Disclosure: As always, you’ll find some affiliate links scattered within my post, which means I receive a small amount of compensation if you end up purchasing something I’ve recommended.  Keep in mind that I link these companies and their products because of their quality and not because of the commission I receive from your purchases. The decision is yours, and whether or not you decide to buy something is completely up to you.  Purchasing from my links does not alter the pricing in any way for you, it simply helps feed my sewing, creating and blogging habits.  Thank you for your support!

Alright.  Let’s get to it with the printer, ink and paper talk.  Because of course, these are the most important step in making dye sublimation happen out of your home.

There are three key things to decide upon before you make your purchase:

  • Print Size.  Just how big are you wanting to be able to print?  Most basic printers can only do 8.5″ wide, which means you’re limited in size right off the bat. **You can print in tile format and tape the prints together to achieve larger sizes if desired.
  • Budget. This goes hand-in-hand with the first point above.  Wider format printers are going to cost bigger bucks, but in the end are less hassle.  The letter sized printers are generally a lot more easy on your wallet.
  • Tanks vs Refillable Ink Cartridges. Essentially, how do you want to convert the printer?   Epson tank style printers make it so easy, by just allowing you to fill the tanks with sub ink instead of printer ink and getting on your merry way.  However, there are conversion kits with empty ink cartridges that you can fill with sub ink and print away as well.  It just depends on the direction you want to go, and your comfort level with the process.

WHICH PRINTERS CAN BE USED FOR AT-HOME SUBLIMATION PRINTING?
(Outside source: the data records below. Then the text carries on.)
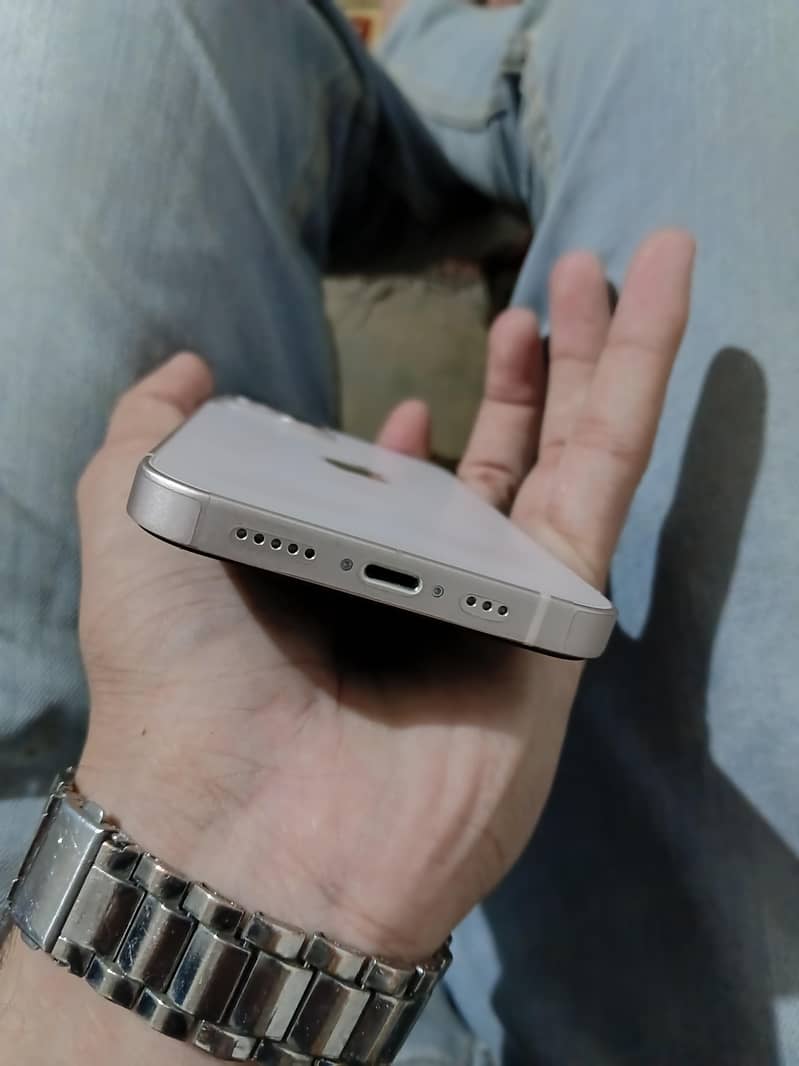 Apple iPhone 13 4
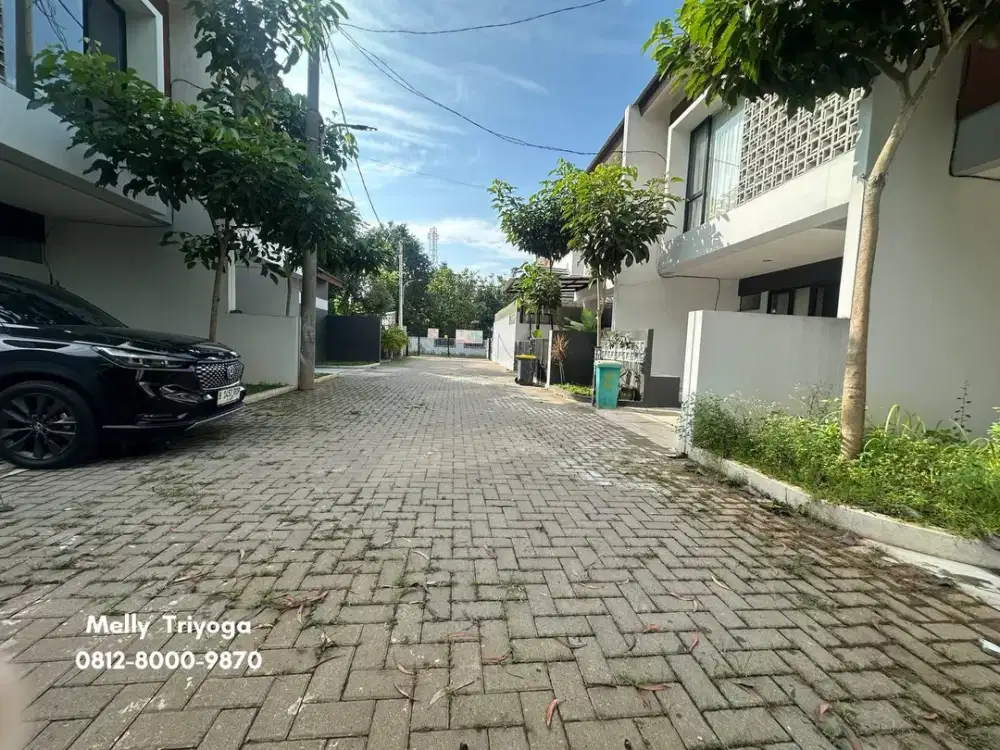 Rumah Siap Huni Hoek di Cluster Teras Grandwiz Mustika Jaya Bekasi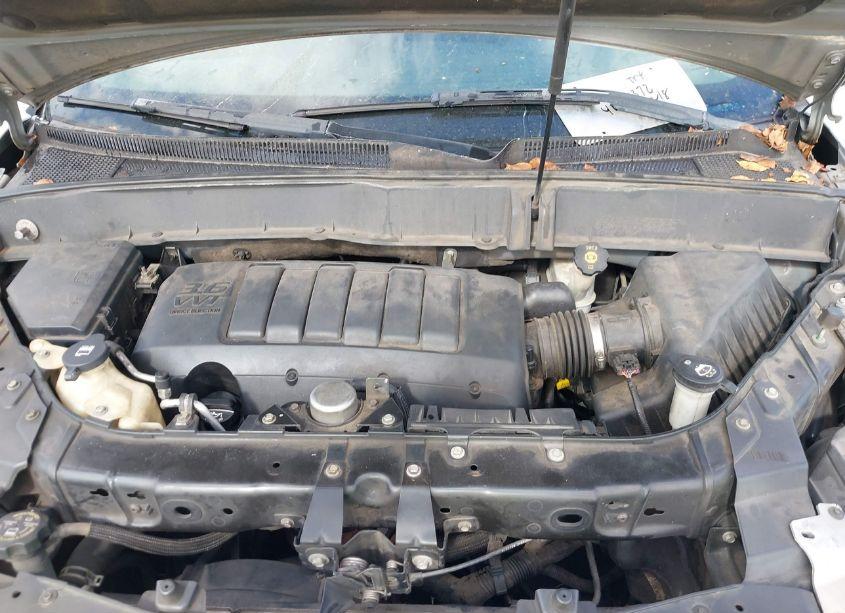 Photo 10 of 2010 Chevrolet Traverse LT (VIN 1GNLRFED5AS127602)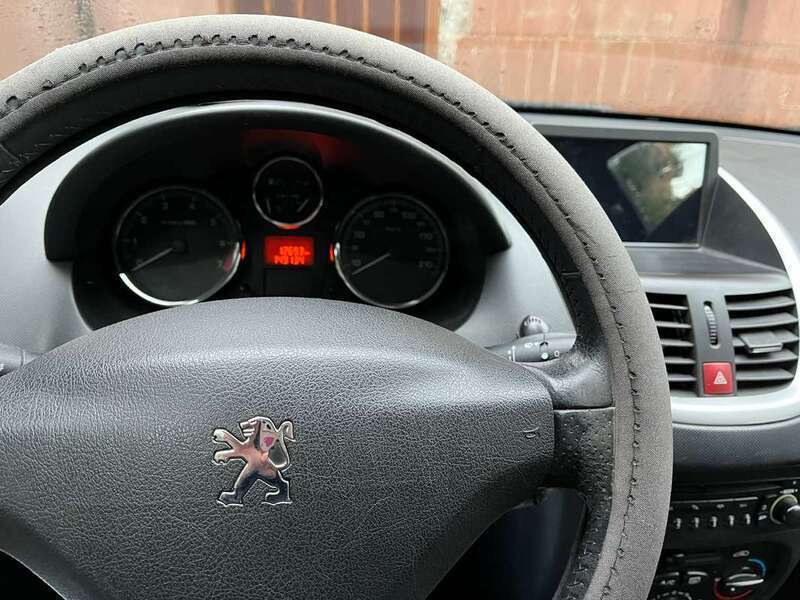 Usato 2009 Peugeot 206 1.4 Benzin 88 CV (2.700 €)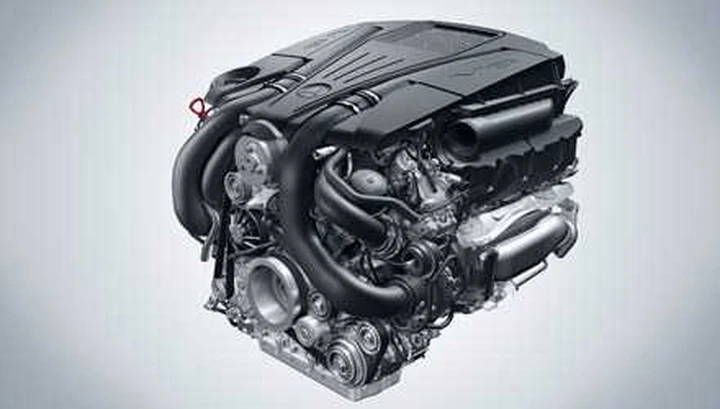 Mercedes: più CV e meno benzina per i V6 e V8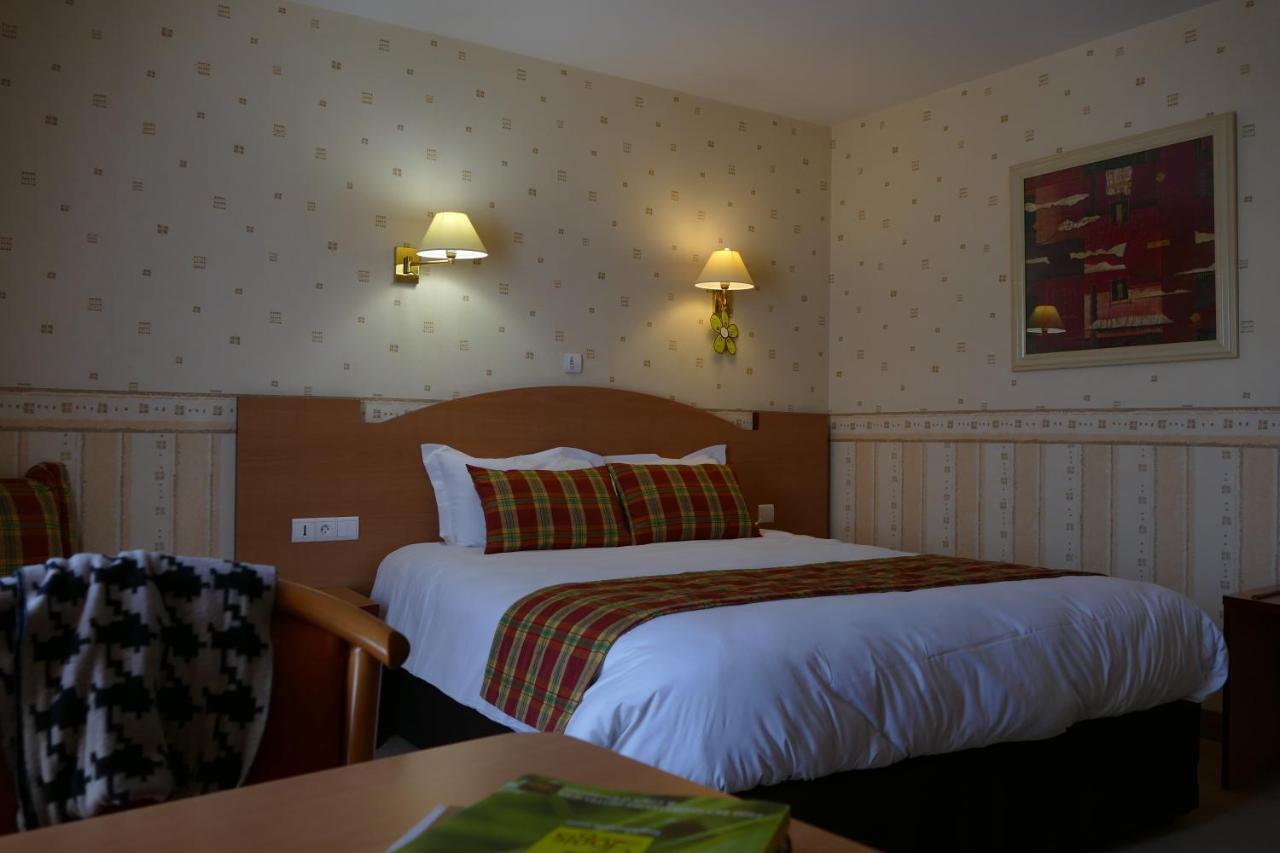 Logis Hotels Le Champalud Restaurant La Citadelle Oree-d'Anjou Ngoại thất bức ảnh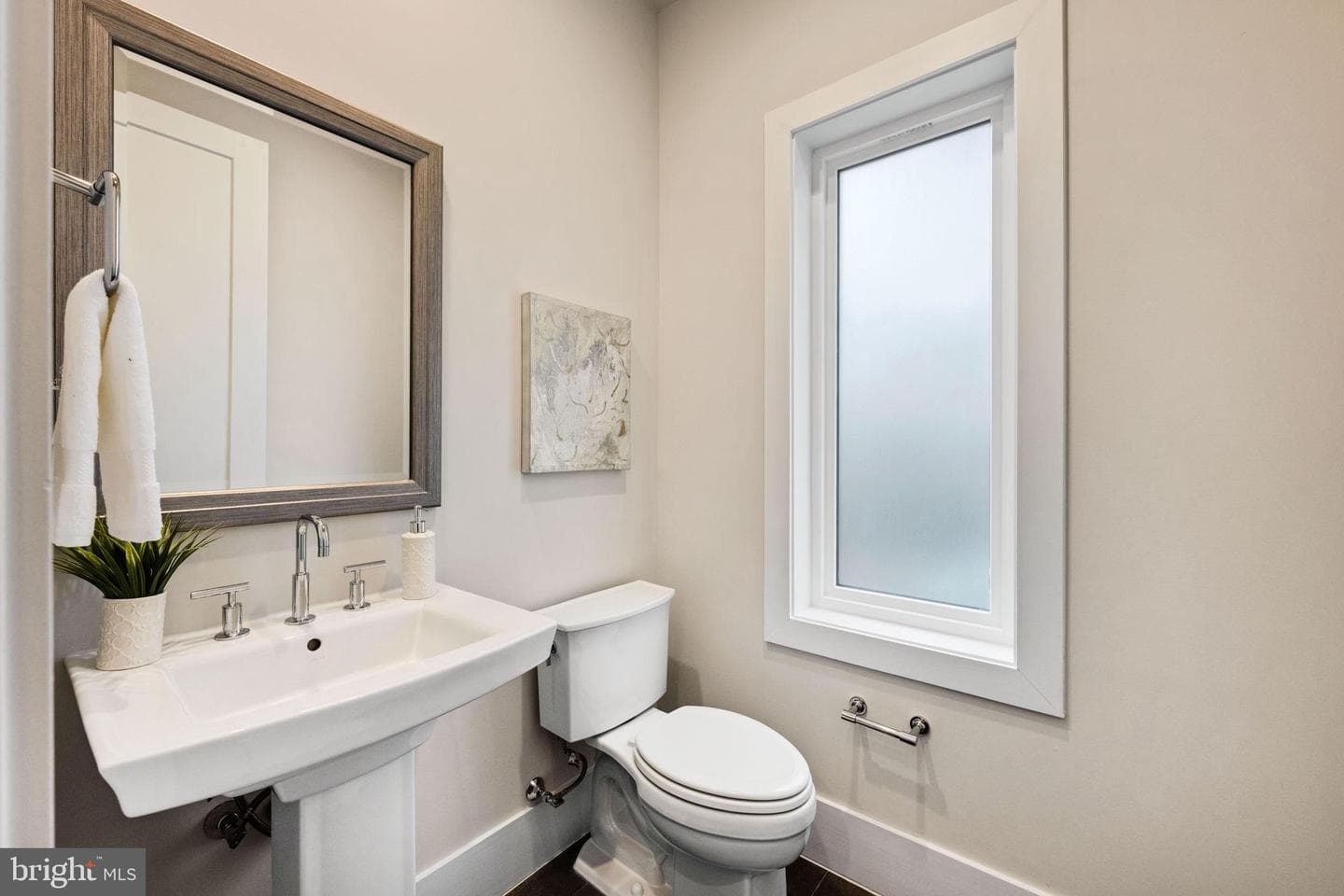 2822 Telek Place photo 26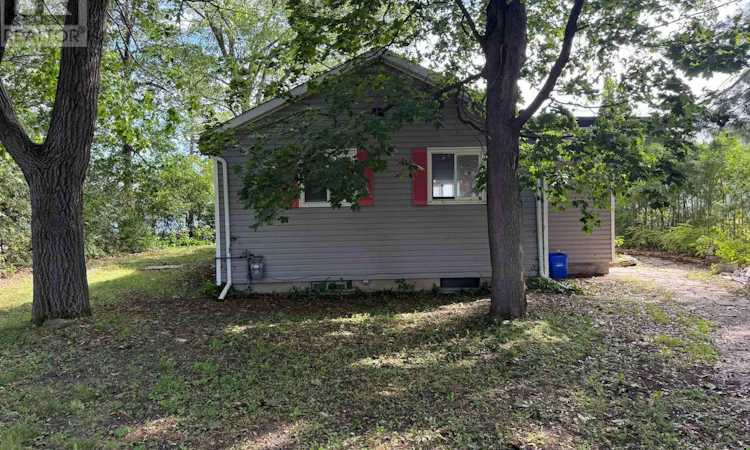 488 Bayview Drive
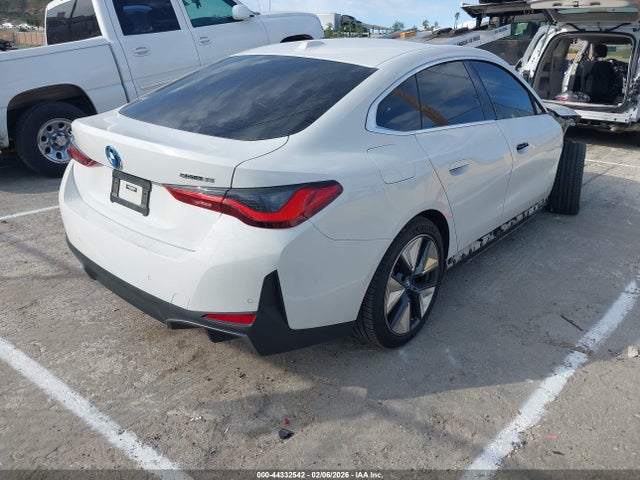 44332542 :رقم المزاد ، WBY43AW01PFP36442 vin ، 2023 Bmw I4 Edrive35 مزاد بيع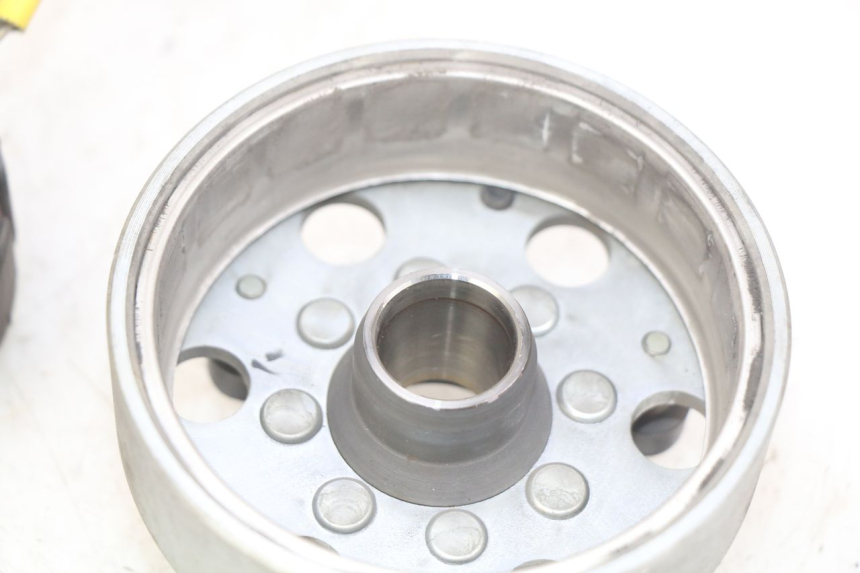 photo de ROTOR STATOR PIAGGIO X8 125 (2004 - 2007) - Zoom auf Gebrauchszustand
Ya’ll.  This list is not exhaustive.  There are so many printers out there that can be converted for sublimation printing that I’d never be able to talk about all of them.  But I’ll share a bunch that I think would be PERFECT for some sublimation fun.

— TANK STYLE PRINTERS —

**Updated 12/30/20.  After doing a bit more extensive research on printer types, HP printers are not sublimation compatible.  Why?  They use a print technology where their printers disperse ink onto paper using a thermal heat process.  This heating process creates a problem for sublimation printing because the sublimation ink basically is going through the chemical process and turning into a gas before it hits the transfer paper….and in other cases is baking onto the paper.  Big thanks to the HP rep who was able to help me through this understanding.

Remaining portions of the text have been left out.